The development of melanoma is closely related to somatic and epigenetic changes. Different mutations have been implicated in its pathogenesis and evolution. Recent genomic classification subdivides melanoma into 4 major subtypes based on the pattern of the most prevalent significantly mutated genes: mutant BRAF, RAS, NF1 and triple-WT (wild type) (15). Advances in molecular pathology and assessment of genetic biomarkers are increasingly used in clinical practice for diagnosis, personalized treatment and the prognosis of melanoma. Modern treatment guidelines are focused on the assessment of genetic biomarkers of melanoma (1,16,17).

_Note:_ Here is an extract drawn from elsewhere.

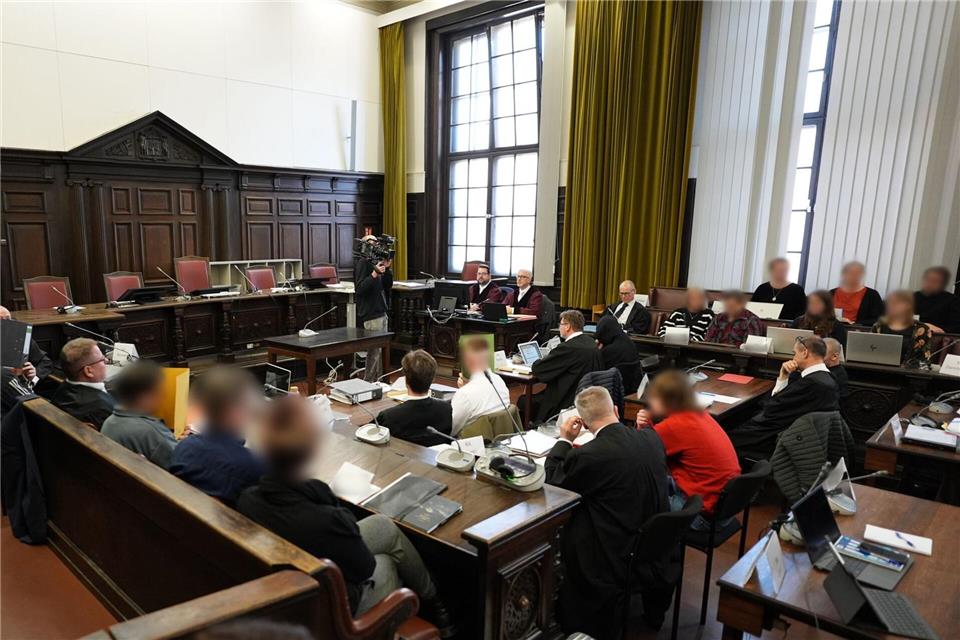 In Hamburg läuft seit März ein Prozess gegen die Gruppe. (Archivbild)Marcus Brandt/Pool dpa/dpa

The assessment of the BRAF gene mutation is of particular importance (3). BRAF mutations are observed in 40–60% of all primary malignant melanoma cases (1620). The BRAF mutation is usually observed in younger patients, in non CSD skin and in superficial spreading melanoma, whereas NRAS mutational melanoma were characterized for nodular subtype and CSD skin (1,1620). The BRAF gene is located on chromosome 7 and encodes a cytoplasmic serine-threonine kinase. BRAF plays a role in MAP-kinase (MAPK) pathway activation, contributing to cellular growth, differentiation, survival and proliferation (21). The mutations of the BRAF gene are generally located in codon 600 of the BRAF gene. The most common mutation observed in up to 90% of cases, resulted of transversion of T to A at nucleotide 1,799 position (T1799A). Less common mutations included substitutions of V for lysine (V600K), arginine (V600R) and leucine, V600M (22). Previous studies showed that the BRAF V600E mutation is usually observed in younger patients and at the body extremities, whereas V600K mutations are associated with older patients and usually found at the head and neck (1419,23).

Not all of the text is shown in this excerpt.